Supplied data ▸
------------------------------------

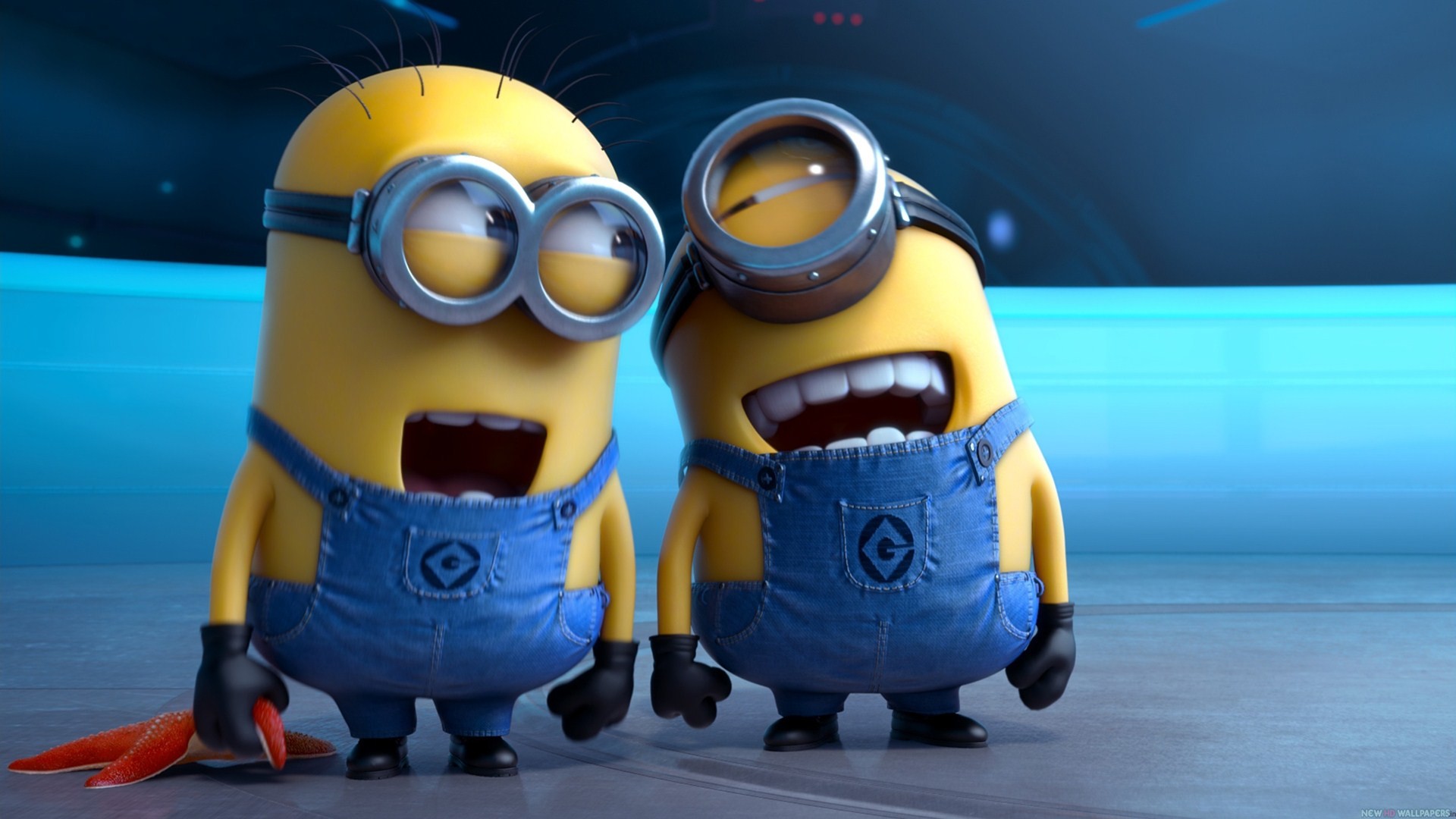 Minions, Cattivissimo me 2, Risata, Blu, 1920x1080, immagine di sfondo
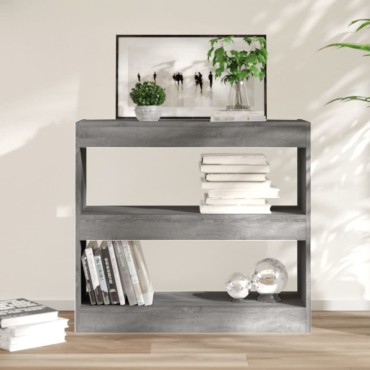 vidaXL Βιβλιοθήκη/Διαχωριστικό Χώρου Γκρι Sonoma 80x30x72cm 1 τεμ.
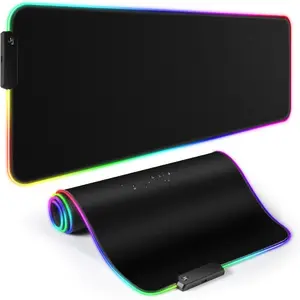 Large Gaming Mouse Pad For Keyboard And Mouse, Extended RGB Mouse Mat, 12 Lighting Modes, Waterproof, Non-Slip Rubber Base XXL Mousepad For Desk Computer PC Laptop-31.5 X 12inches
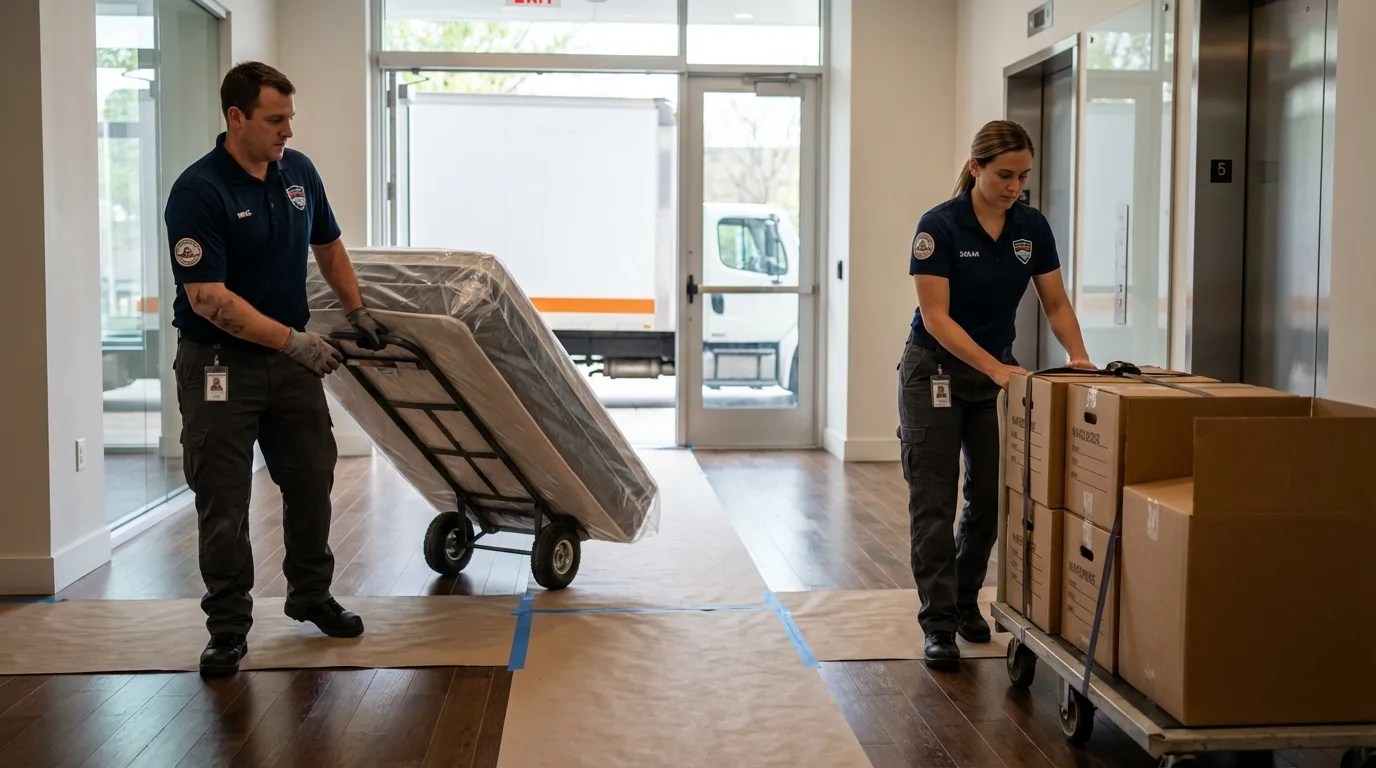 Professional apartment movers loading elevator in Locust Grove, OK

------------------------------------

Exercise instructions ▸ The lines from the one holding "Large Gaming Mouse" through the end of the material above are to be echoed exactly, both ends included. Do not include pictures.

Your solution ▸
 Large Gaming Mouse Pad For Keyboard And Mouse, Extended RGB Mouse Mat, 12 Lighting Modes, Waterproof, Non-Slip Rubber Base XXL Mousepad For Desk Computer PC Laptop-31.5 X 12inches
 Professional apartment movers loading elevator in Locust Grove, OK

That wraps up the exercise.